• [WHAT IS REQUIRED]: Images don't belong in the copy. Output the rest of the data exactly.

• [DATASET SECTION]:
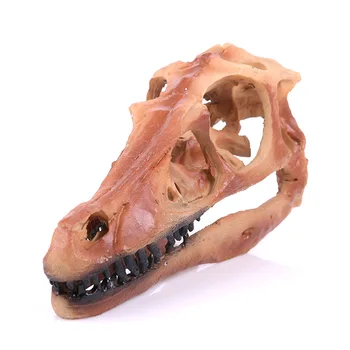 Realus Dinozaurų Kaukolės Skeletas Modeliai Tikroviška Velociraptor Dervos Amatų Kūrybinės Helovinas Ornamentas, Vaikai, Gyvūnai, Dovanos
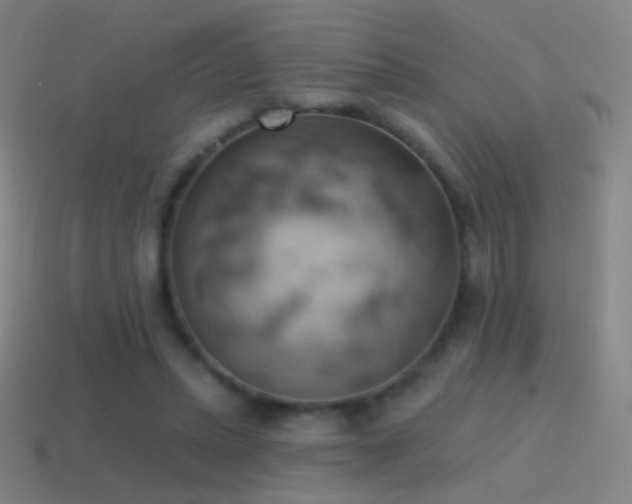 X0000115590447200911101241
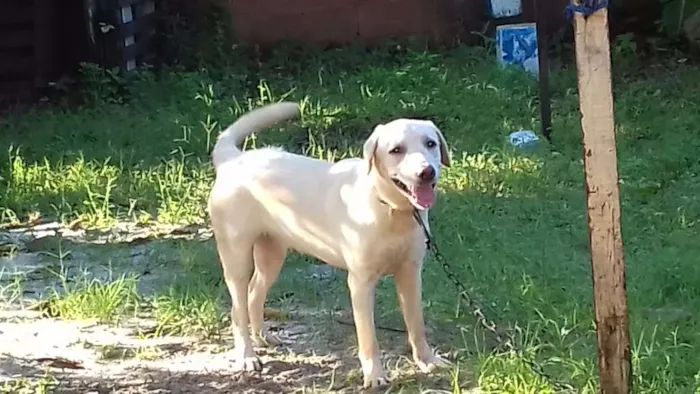 Cachorro raça Labrador idade 7 a 11 meses nome Ziva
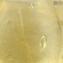 Vaso Clássico - Coleção de Ouro - Vidro Murano Original OMG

• [REPLY TO THE EXERCISE]:
 Realus Dinozaurų Kaukolės Skeletas Modeliai Tikroviška Velociraptor Dervos Amatų Kūrybinės Helovinas Ornamentas, Vaikai, Gyvūnai, Dovanos
 X0000115590447200911101241
 Cachorro raça Labrador idade 7 a 11 meses nome Ziva
 Vaso Clássico - Coleção de Ouro - Vidro Murano Original OMG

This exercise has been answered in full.